INFORMATION PROVIDED —
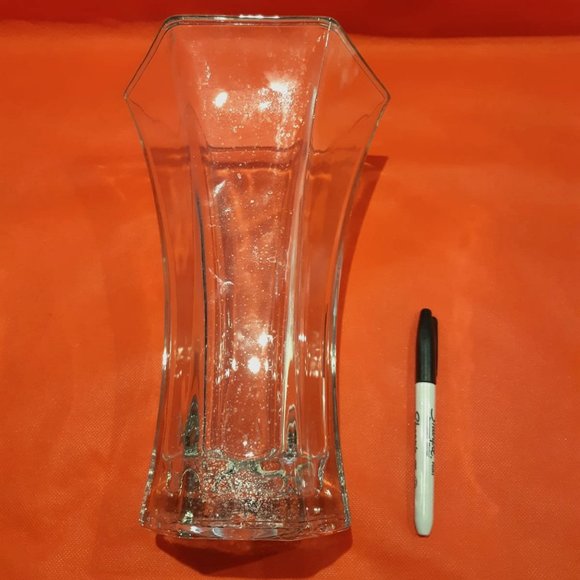 Glass Vase - Picture 1 of 2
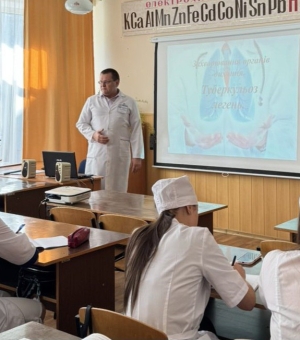 Відкрите заняття з предмету Внутрішня медицина та невідкладні стани у внутрішній медицині. Викладач Дробишев Євген Анатолійович провів лекційне заняття з теми: «Захворювання органів дихання. Туберкульоз легень.»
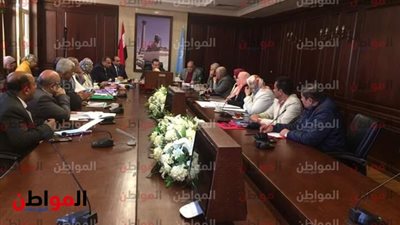 محافظ الإسكندرية يفرض غرامات فورية على المحال التجارية غير الملتزمين بالنظافة 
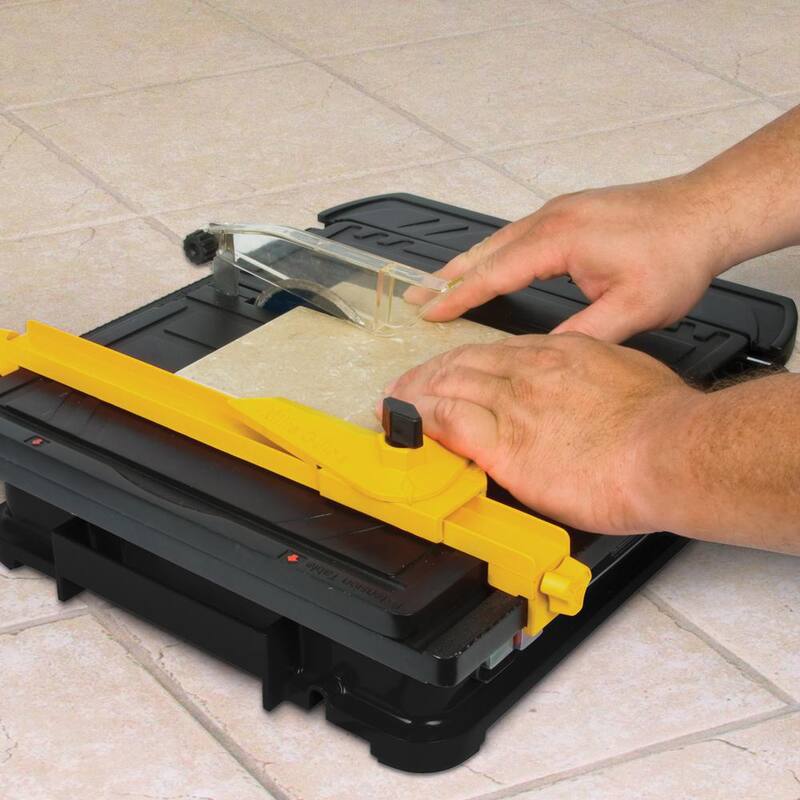 QEP Torque Master Sierra de Azulejos Húmeda de 3/5 HP - 22400Q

TASK TO COMPLETE — Repeat, word for word and with no pictures, only the lines running from the beginning of the data to the line that contains "Відкрите заняття з".

ANSWER TO THE EXERCISE —
 Glass Vase - Picture 1 of 2
 Відкрите заняття з предмету Внутрішня медицина та невідкладні стани у внутрішній медицині. Викладач Дробишев Євген Анатолійович провів лекційне заняття з теми: «Захворювання органів дихання. Туберкульоз легень.»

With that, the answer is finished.